# Audio Legion; Who We Are - What We Do



## Audio Legion Team

We're stoked to finally be a part of the diymobileaudio community!

Audio Legion is based in Tampa, FL and has been around for about 5 years (if you remember the old FSD Audio amps, that was us).
We have a small team here that is dedicated to offering a wide product lineup where quality is the ultimate goal.

Over the coming months we'll be revamping some of our products to better fit our customers wants and needs. Keep an eye out, we'll be posting often asking for your opinion on new designs. We threw in a couple pictures of our customer's builds to show you guys what we can do. Give us your honest opinion, good or bad, and we'll strive to deliver the best speaker, subwoofer, amplifier, etc. at the best price.

- Matt


----------



## Theslaking

A subwoofer that has...

Low mounting depth, high x-mech, handles 700w, workss well IB, weather resistant, push terminals, plays cleanly to 300hz, under $200.

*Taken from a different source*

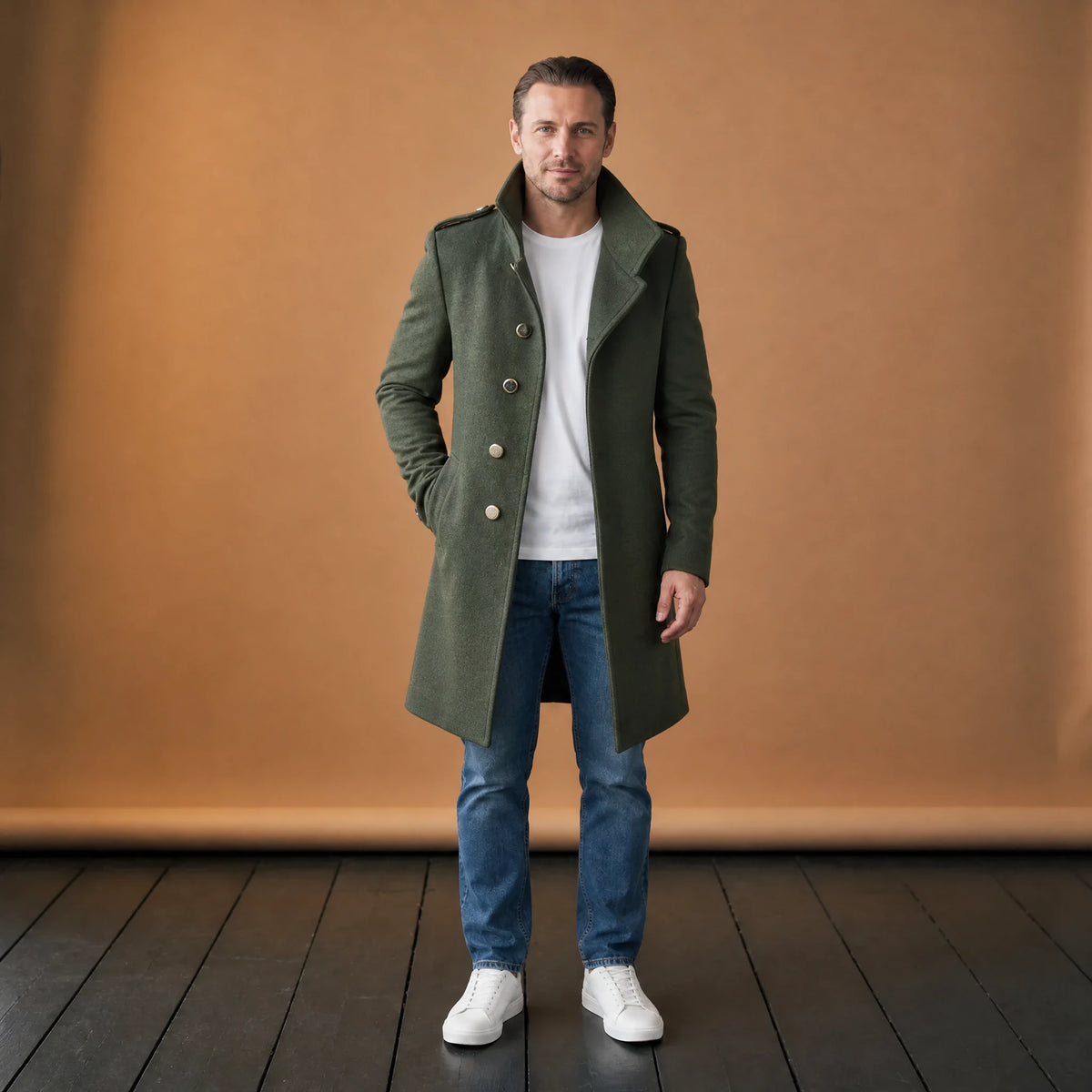 Manteau uni pour homme avec col montant vintage - VETEMENT Studio HOMME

An 8ch amp with full wireless capability, built in DSP, digital input, 75x4 and 300x4 bridgeable

To much to ask?


----------



## Ge0

Piezo super tweeters.

Ge0


----------



## Audio Legion Team

Theslaking said:


> A subwoofer that has...
> 
> Low mounting depth, high x-mech, handles 700w, workss well IB, weather resistant, push terminals, plays cleanly to 300hz, under $200.
> 
> An 8ch amp with full wireless capability, built in DSP, digital input, 75x4 and 300x4 bridgeable
> 
> To much to ask?


Not when its Theslaking asking... we are working on it just for you 😉


----------



## DoubleCrown

Ge0 said:


> Piezo super tweeters.
> 
> Ge0


Lol


----------



## Sam Spade

@Fish Chris 2 

Right up your alley Chris


----------



## Fish Chris 2

Looks like fun stuff


----------